Interaction-aware Representation Modeling With Co-Occurrence Consistency for Egocentric Hand-Object Parsing¶

Conference: ICLR 2026
OpenReview: https://openreview.net/forum?id=RYwQ0xQcAh
Code: https://github.com/yuggiehk/InterFormer
Area: Egocentric Vision / Hand-Object Segmentation (EgoHOS)
Keywords: egocentric vision, hand-object segmentation, interaction-aware query, transformer decoder, physical consistency

TL;DR¶

For pixel-level segmentation of hands and active objects in egocentric images, this paper proposes InterFormer. It utilizes interaction boundary priors to dynamically generate "interaction-aware queries," purifies decoding features, and incorporates a "conditional co-occurrence loss" to encode the physical common sense that "an active object should not appear if its interacting hand is not detected" into training. It achieves SOTA performance on EgoHOS and cross-domain mini-HOI4D.

Background & Motivation¶

Background: Egocentric (first-person view, FPV) vision is a fundamental capability for embodied AI, AR/VR, and assistive robotics. A core task is EgoHOS (Egocentric Hand-Object Segmentation)—segmenting left/right hands and "objects being operated by hands" (left-hand object / right-hand object / two-hand object) pixel-by-pixel. Transformer architectures (DETR, Mask2Former, Care-Ego, etc.) have become mainstream for this task due to their ability to balance long-range dependencies and parameter efficiency.
Limitations of Prior Work: The authors point out three unresolved structural flaws. First, rigid query initialization—existing methods use either learnable parameters (static queries after training) or directly sample image features (introducing background noise), failing to explicitly encode "hand-object interaction relationships," leading to poor adaptability to diverse active objects.
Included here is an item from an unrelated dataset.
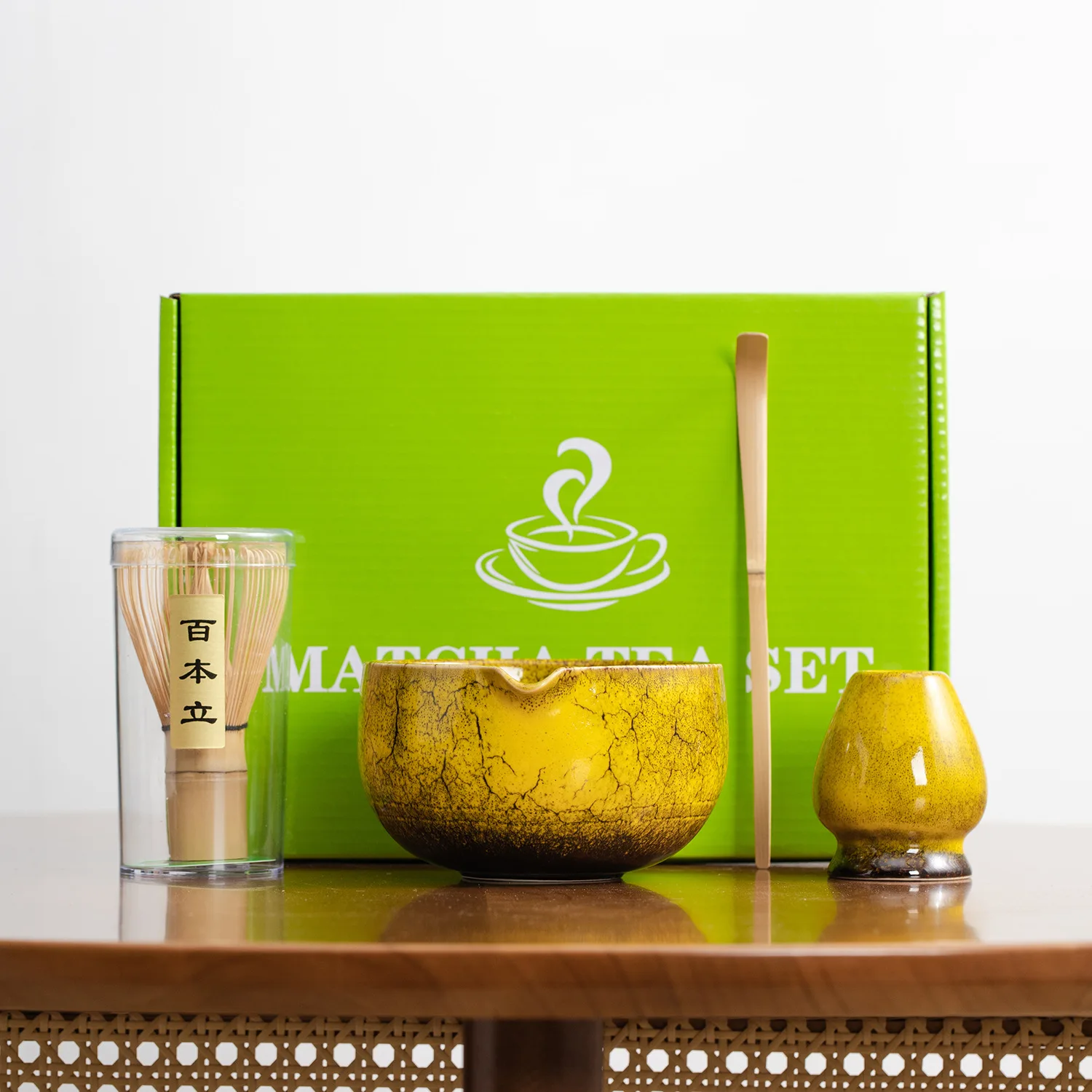 Juego de fabricación de Matcha roja de pedernal japonés, cepillo Matcha de bambú, exquisita caja de cuenco Matcha con batidor, herramientas de té sumtuosas, regalos, 4/7 Uds.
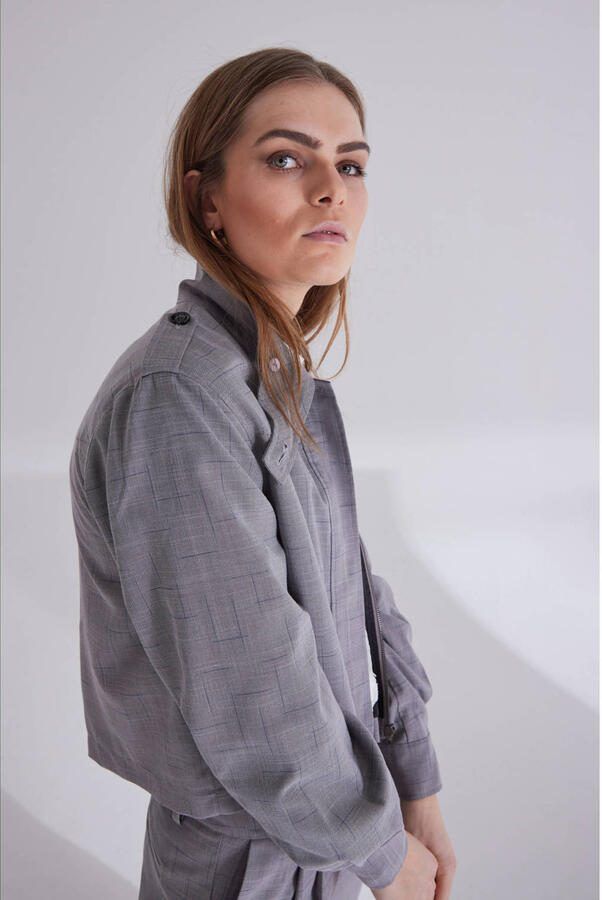 Bruuns Bazaar Moderne Grijze Geruite Jas Blazer Gray Dames - Foto 2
Second, "semantic bias" in decoding features—pixel-wise semantic features only answer "what object is this" but fail to address "is it being interacted with," causing irrelevant content to be integrated into the final embedding, reducing accuracy. Third, interaction illusion—the model makes predictions that violate physical causality, such as predicting a "two-hand object" when the right hand is not detected at all.
Key Challenge: General semantic representations excel at "object recognition," but EgoHOS truly requires "identifying interaction relationships"; the misalignment of targets causes queries, features, and prediction logic to deviate from the essence of interaction.
Goal: Shift the model from "object-category-centric" to "hand-object-interaction-centric" and impose physical common sense as hard constraints on predictions.
Key Insight: Use a lightweight auxiliary branch to predict "interaction boundaries" as a coarse localization prior, then propagate this prior through query generation, feature purification, and consistency loss, end-to-end embedding interaction relationships into every stage of representation learning.

Method¶

Overall Architecture¶

On top of a Swin backbone + deformable DETR pixel decoder, InterFormer adds an Interaction Prior Predictor (IPP) bypass. Supervised by interaction boundary ground truth, it outputs "boundary-guided features." These features drive two core modules: the Dynamic Query Generator (DQG) uses them to generate interaction-aware queries, and the Dual-context Feature Selector (DFS) uses them to purify semantic features in each decoder layer. Finally, a Conditional Co-Occurrence (CoCo) loss is applied to constrain the physical consistency of the output.

flowchart LR
    I[Egocentric Image] --> BK[Swin Backbone + Pixel Decoder]
    BK --> Fpix[Multi-scale Pixel Features F_pix]
    BK --> IPP[IPP Interaction Prior Predictor]
    IPP -->|Boundary Supervision L_b| Fint[Boundary-guided Features F_int]
    Fpix --> DQG[DQG Dynamic Query Generation]
    Fint --> DQG
    DQG --> Q[Interaction-aware Query Q]
    Q --> DEC[InterFormer Decoder]
    Fpix --> DFS[DFS Dual-context Feature Selection]
    Fint --> DFS
    DFS --> DEC
    DEC --> M[Segmentation Mask]
    M -->|CoCo Consistency Loss L_co| M

Key Designs¶

1. Interaction Prior Predictor (IPP): Coarse localization of contact areas. Most methods feed pixel features directly into the decoder, but determining which object is "active" requires looking at its relationship with hands rather than just semantics. IPP receives global features \(F_g\) and employs a cascaded U-Net decoder with a convolutional head to predict an interaction boundary map \(M_b\). The supervision signal is the boundary ground truth \(G_b\) obtained by the intersection of dilated hand and object masks, trained with binary cross-entropy \(L_b=L_{bce}(M_b,G_b)\). The resulting boundary-guided features \(F_{int}\) provide spatial constraints for "hand-object contact zones," serving as a shared prior foundation for the subsequent modules.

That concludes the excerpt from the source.